Belichick hasn’t had the best luck when it comes to assistants turning into great head coaches, but some coaches land hit after hit after hit in the coordinator department. Maybe it’s luck. Maybe it’s an incredible eye for coaching talent. This Christmas I wanted to find the best coaching trees in NFL history, the types of trees that would draw all attention in the living room on Christmas Eve.

“How would I do this though? What are the guidelines?” you might be wondering. Thank you for asking.

For starters, I’m only counting people’s records as head coaches. I don’t care how great an offensive coordinator or defensive genius these people were. If they couldn’t cut it as head coaches, they didn’t get any of the credit.
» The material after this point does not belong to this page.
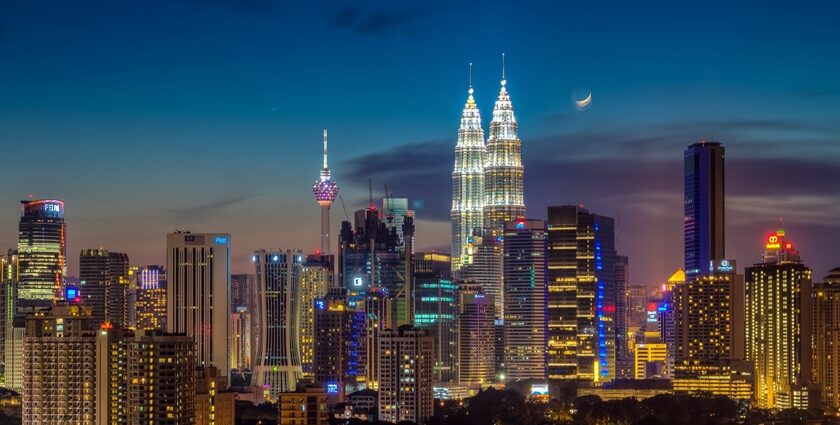 A stunning moonrise over the Kuala Lumpur skyline with the Petronas Towers visible.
Secondly, everybody under each tree had to serve at least one season on the main head coach’s staff. That doesn’t necessarily mean as an offensive or defensive coordinator. They could’ve been an O-line coach or defensive backs coach, but they had to serve at least one season under the star on top. Third, and I shouldn’t have to say this, but this list is my preference. I’ve looked at each tree’s regular season win percentage, postseason appearances, postseason win percentage, conference championship totals, and Super Bowl wins, and am using those for my credentials to determine the order of this list. It can get confusing at points. For example, one of the stats I use in this list is Seasons per Super Bowl (S/SB — how many seasons between Super Bowls for each tree as a collective whole). Since some of the coaches on these trees coached before the Super Bowl era, I had to only count seasons in which they coached in the Super Bowl era into consideration for that stat, obviously. Also, I understand that as the NFL has worn on, it has become somewhat easier to reach the postseason as postseason brackets have expanded. So, although some trees may have higher postseason percentages than others on this list, that doesn’t necessarily mean they were better at getting to the postseason. Finally, while there are some trees with shining branches that stand out among the rest, I am looking at every branch on every tree. Every assistant who turned into a head coach will be considered for this piece, and a series of bad head coaches could make a great branch look bad.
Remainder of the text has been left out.